**SUPPLIED MATERIAL**
◇ ◇ ◇ ◇ ◇

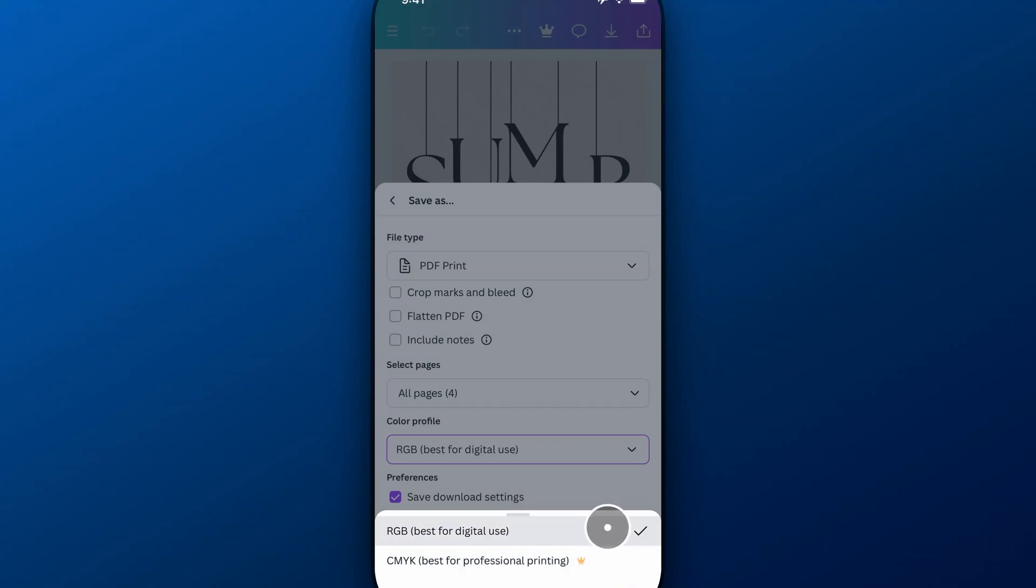You can download in RGB and convert later if you want to. That works perfectly fine as well.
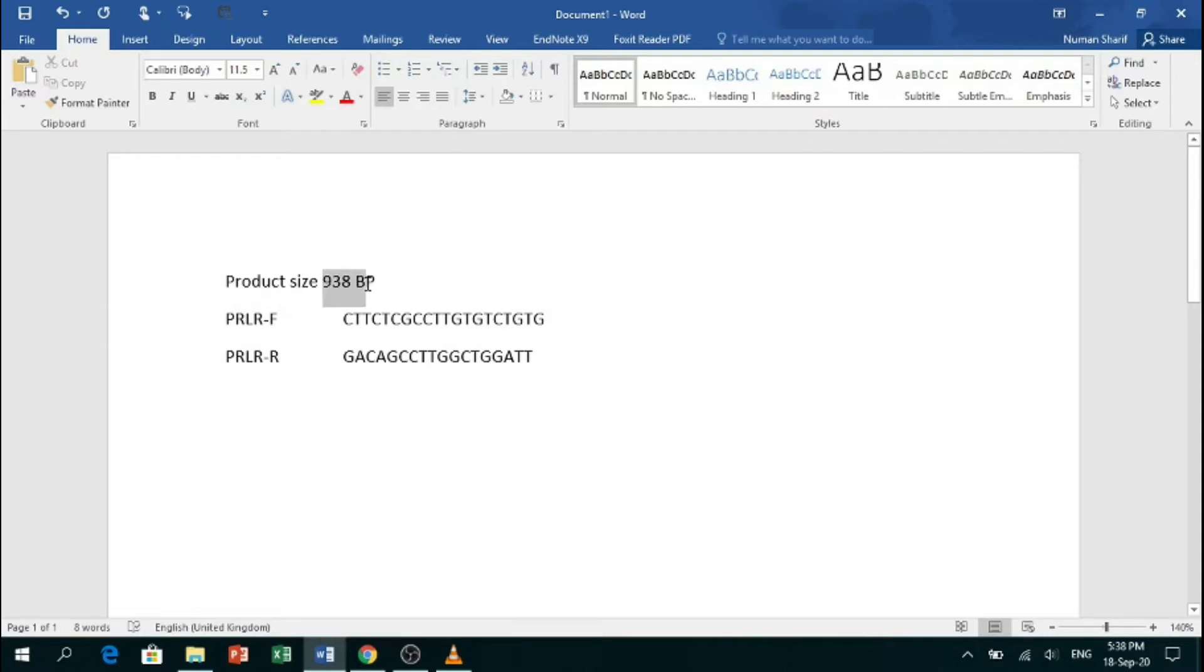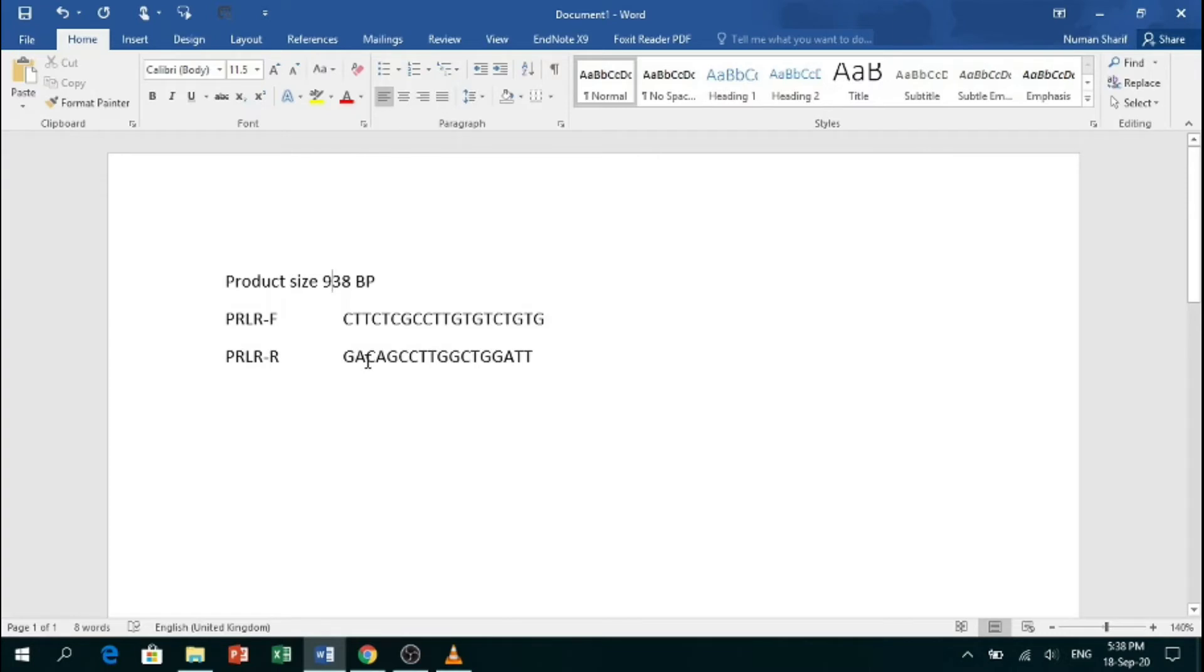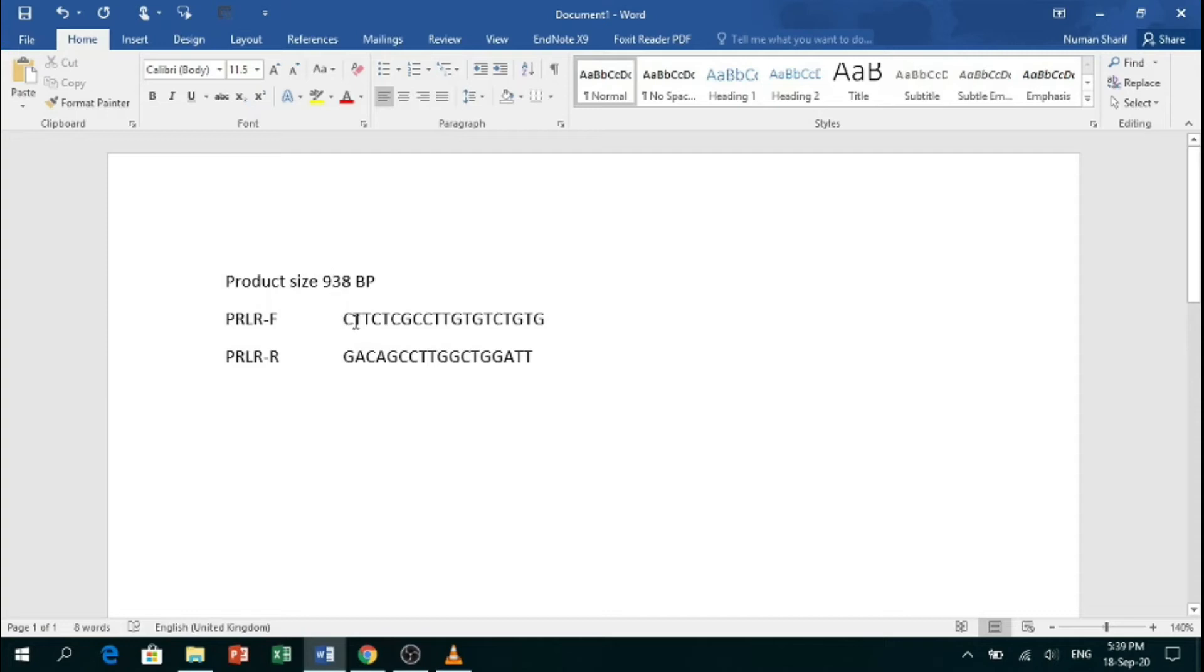There are two types of primers: first one is forward, another one is reverse. Now we will check the specificity of these primers to know if they are binding the same region for which we have designed them or not. To do so, we will use Primer-BLAST. So let's start.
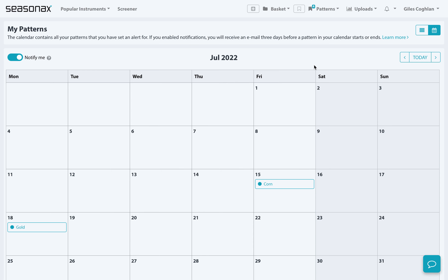In order to receive email notifications sent directly to your inbox, simply make sure this notify me tab is marked to the on position.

◇ ◇ ◇ ◇ ◇

**WHAT YOU ARE ASKED TO DO**
All that belongs in the answer is the exact run of lines from the line containing "There are two" to the end of the listing above, pictures removed.

**EXERCISE RESULT**
There are two types of primers: first one is forward, another one is reverse. Now we will check the specificity of these primers to know if they are binding the same region for which we have designed them or not. To do so, we will use Primer-BLAST. So let's start.
In order to receive email notifications sent directly to your inbox, simply make sure this notify me tab is marked to the on position.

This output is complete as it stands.